BEGIN DATA

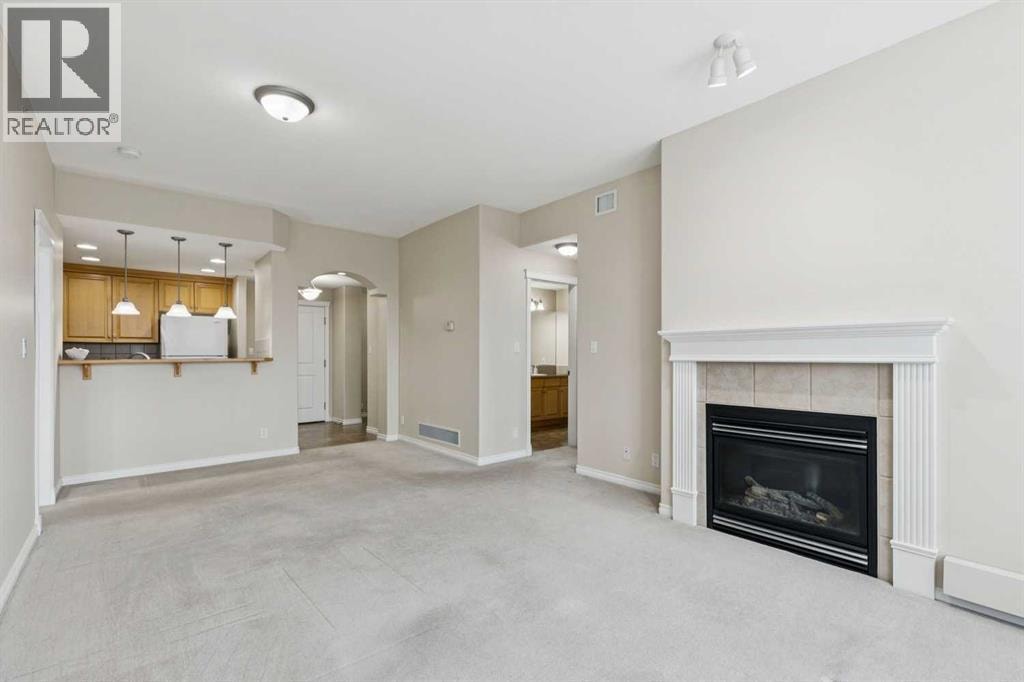 705, 1726 14 Avenue NW — photo 10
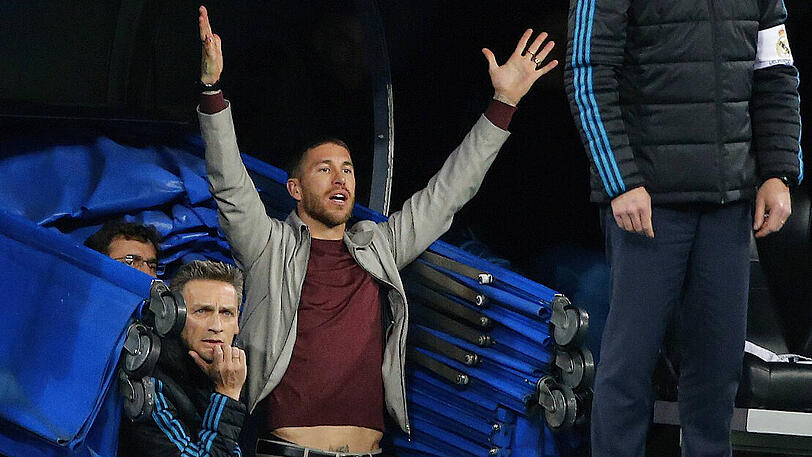 Der gesperrte Sergio Ramos während der Champions-League-Partie von Real Madrid gegen Juventus Turin.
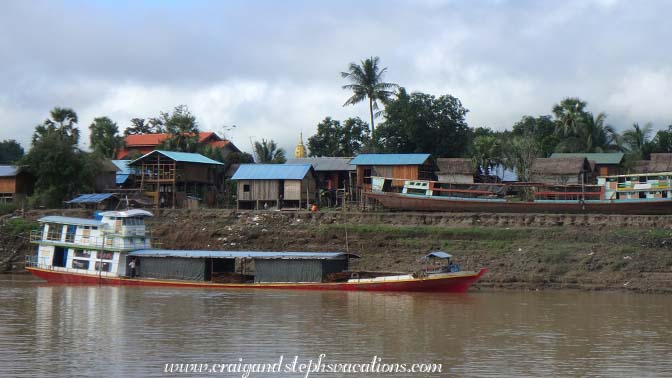 Approaching Kann Village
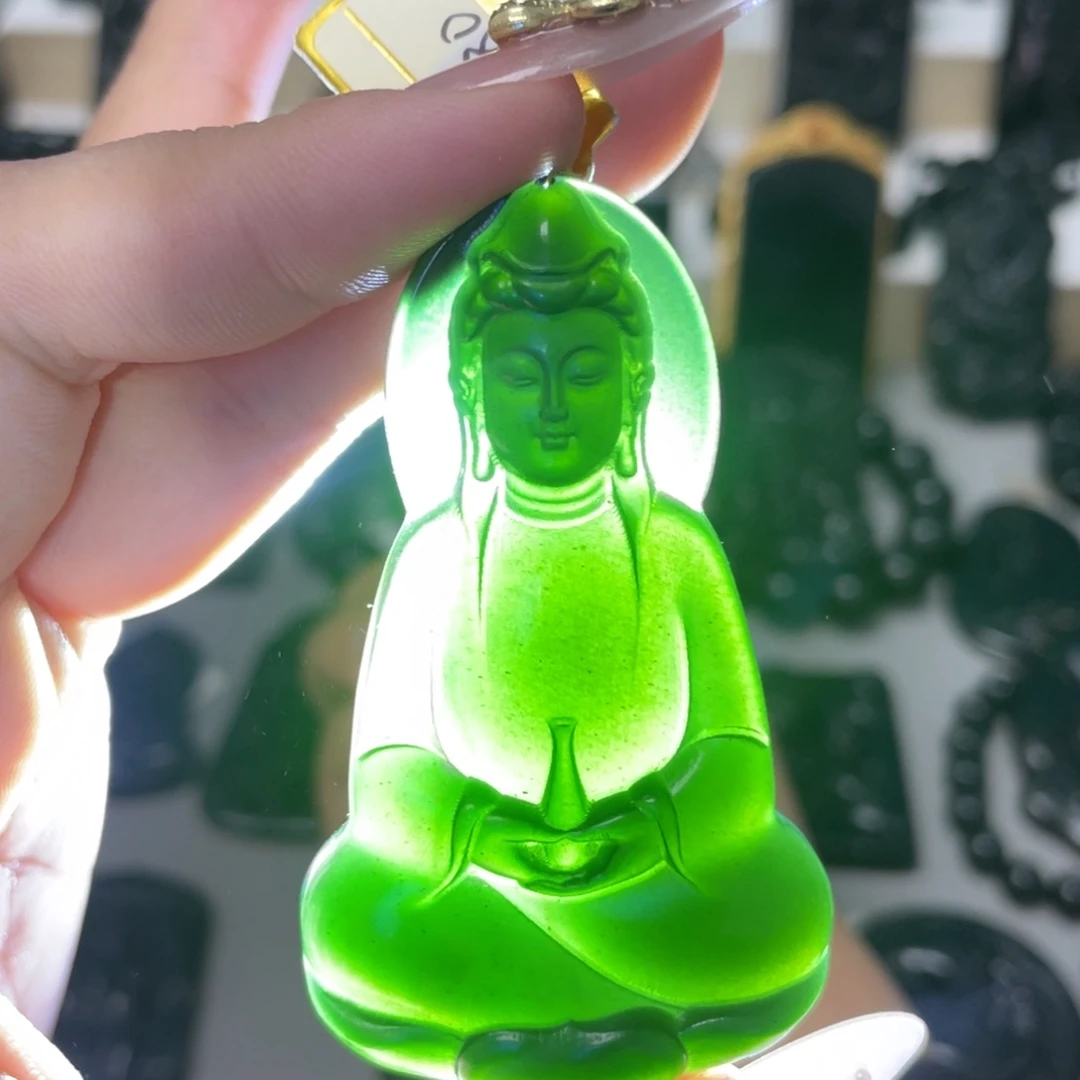 胖***子未镶嵌蛇纹石玉吊坠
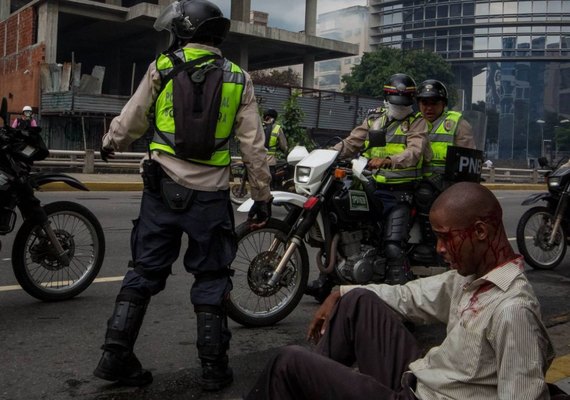 Saques e protestos no centro de Caracas aumentam o clima de convulsão social
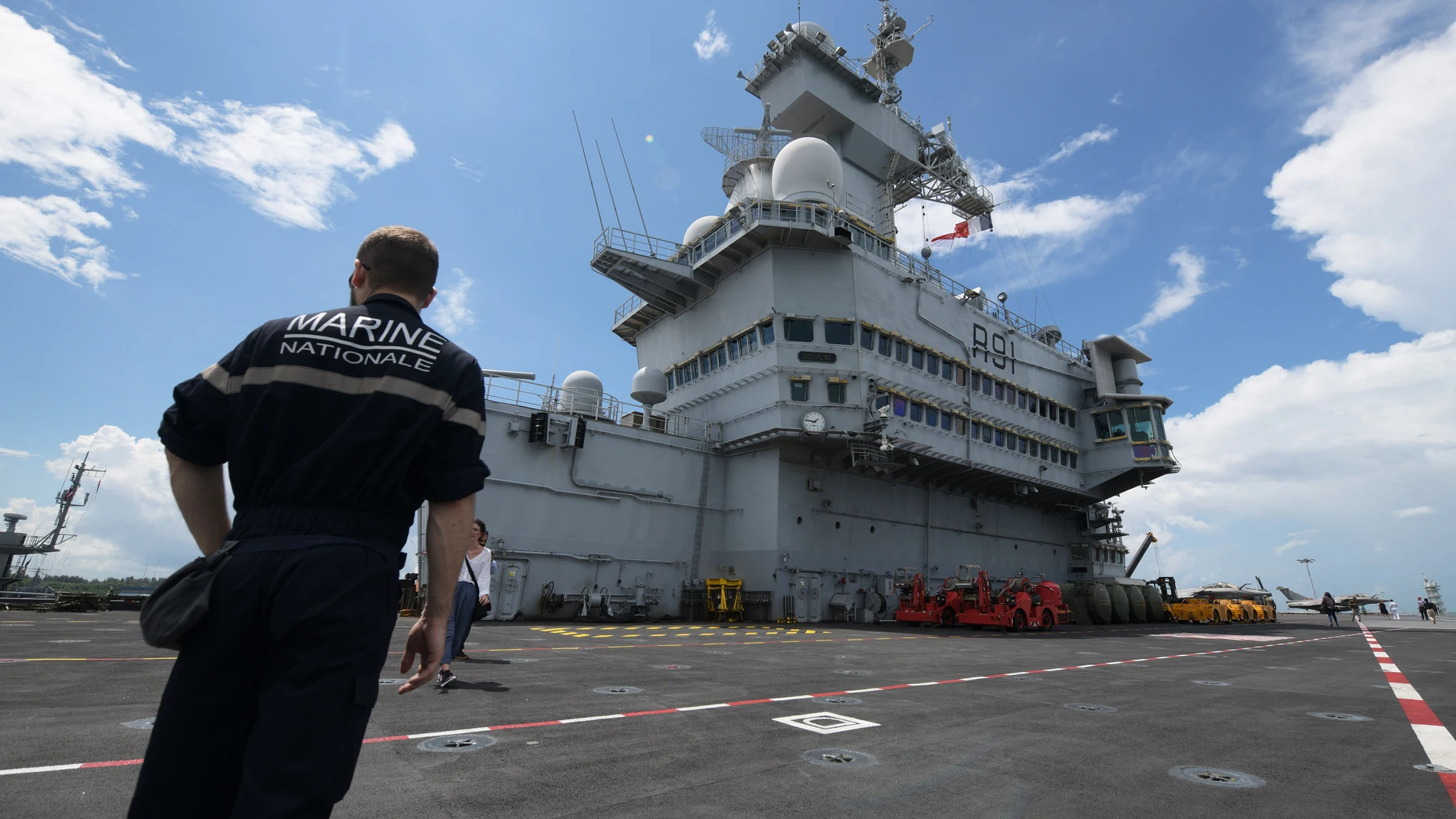 (Foto de ARCHIVO) 2019?5?28?.??????——???????????????..5?28??????????????????????????????????????????????473??????????????5??????????????????.???? ??????..A soldier on duty onboard the French aircraft carrier ''Charles de Gaulle'', berthed in Singapore's Changi Naval Base on May 28, 2019. Today, the French carrier ''Charles de Gaulle'' arrived in Changi Naval Base while on a 5-month deployment as part of the French Task Force 473..By Xinhua, Then Chih Wey..????????????2019?5?28? Europa P...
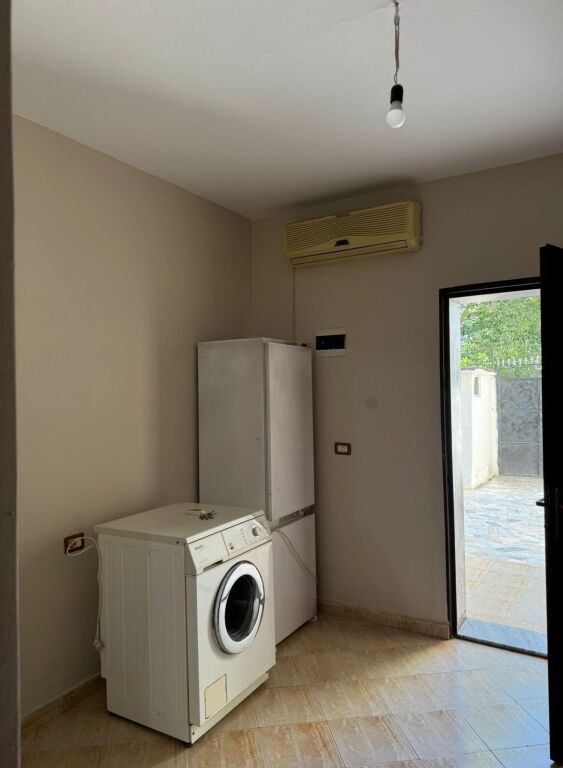 Bllok, jepet me qera apartament 1+1.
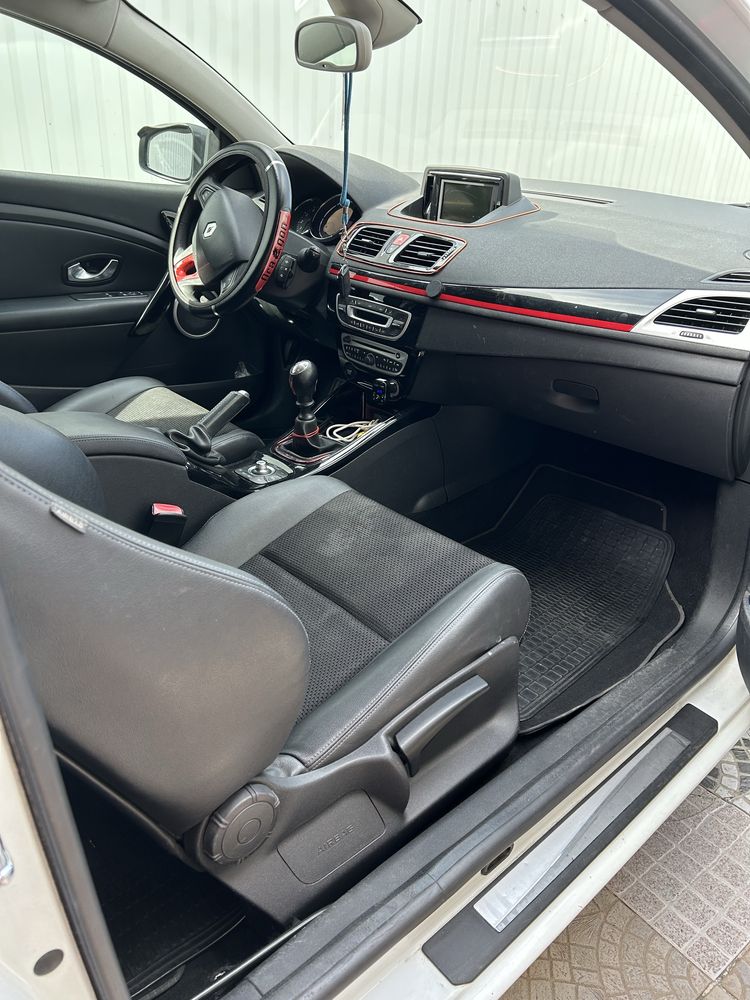 Renault Mégane Coupé III 1.5 dCi 110 CV – 2011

END DATA

> [YOUR TASK] Make an exact copy of the records above, with the pictures left out.

> [EXERCISE SOLUTION]
 705, 1726 14 Avenue NW — photo 10
 Der gesperrte Sergio Ramos während der Champions-League-Partie von Real Madrid gegen Juventus Turin.
 Approaching Kann Village
 胖***子未镶嵌蛇纹石玉吊坠
 Saques e protestos no centro de Caracas aumentam o clima de convulsão social
 (Foto de ARCHIVO) 2019?5?28?.??????——???????????????..5?28??????????????????????????????????????????????473??????????????5??????????????????.???? ??????..A soldier on duty onboard the French aircraft carrier ''Charles de Gaulle'', berthed in Singapore's Changi Naval Base on May 28, 2019. Today, the French carrier ''Charles de Gaulle'' arrived in Changi Naval Base while on a 5-month deployment as part of the French Task Force 473..By Xinhua, Then Chih Wey..????????????2019?5?28? Europa P...
 Bllok, jepet me qera apartament 1+1.
 Renault Mégane Coupé III 1.5 dCi 110 CV – 2011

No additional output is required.